## Input data
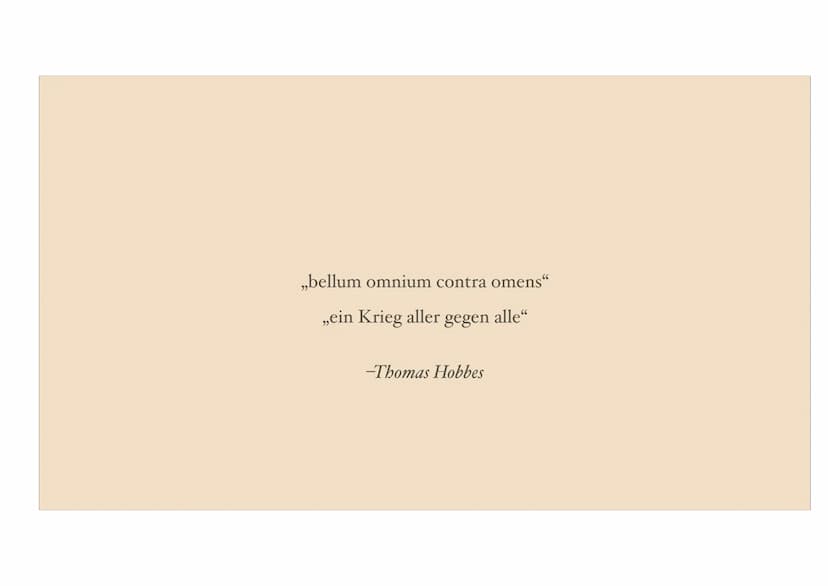 THOMAS HOBBES
-0000
LANA NASER BIOGRAFIE
05.04.1588 - 04.12.1679
◆ Englischer Mathematiker, Staatstheoretiker und
Philosoph
◆ Studierte in O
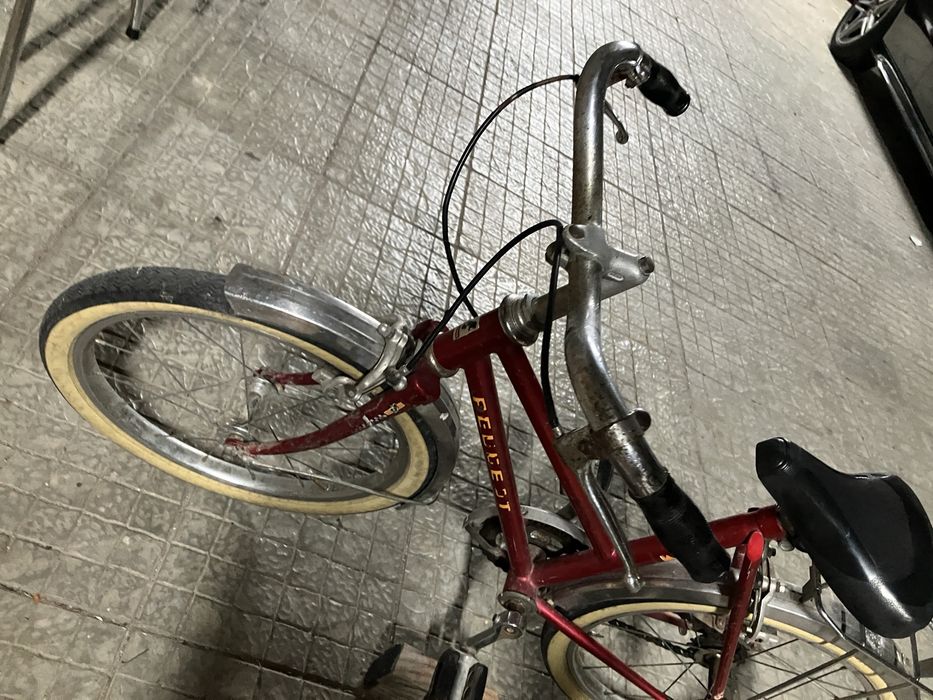 Bicicleta vintage crianca peugeot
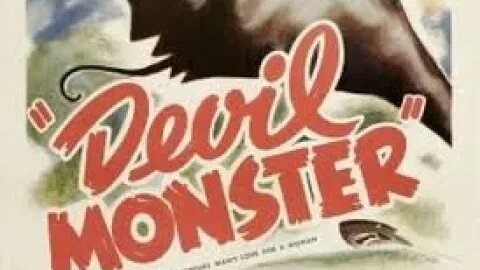 Devil Monster 1946 Full Movie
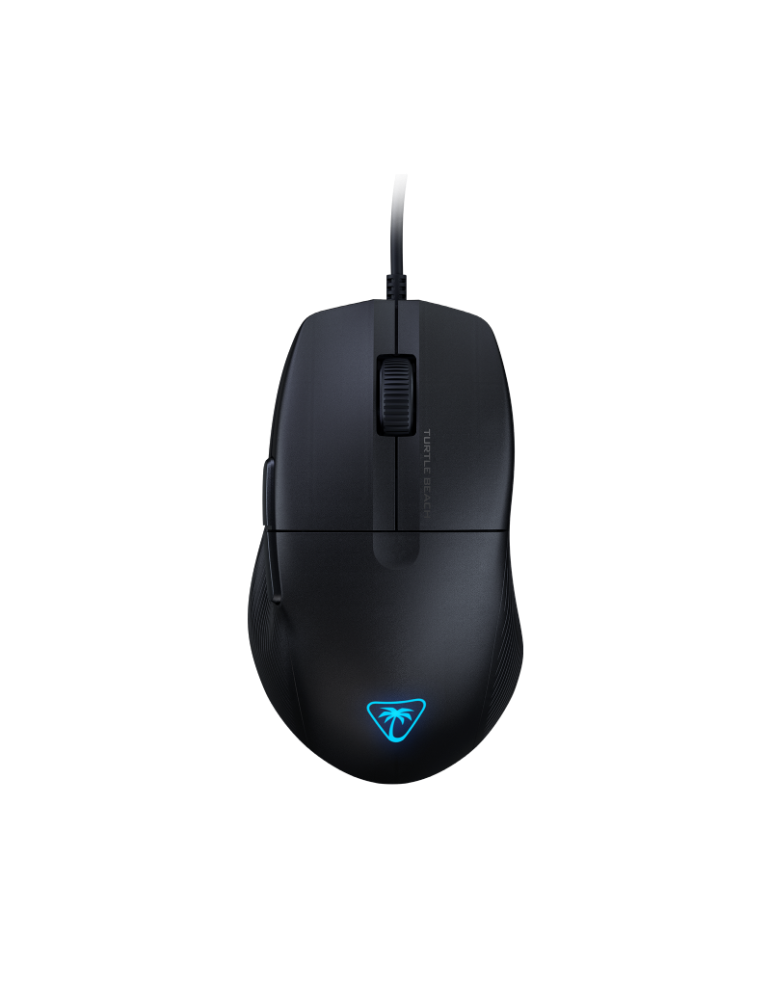 Turtlebeach Pure SEL ultraleichte, ergonomische RGB-Gaming-Maus, schwarz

## Work to be completed
Everything but the pictures is needed: copy the data above exactly.

## Task answer
 THOMAS HOBBES
-0000
LANA NASER BIOGRAFIE
05.04.1588 - 04.12.1679
◆ Englischer Mathematiker, Staatstheoretiker und
Philosoph
◆ Studierte in O
 Bicicleta vintage crianca peugeot
 Devil Monster 1946 Full Movie
 Turtlebeach Pure SEL ultraleichte, ergonomische RGB-Gaming-Maus, schwarz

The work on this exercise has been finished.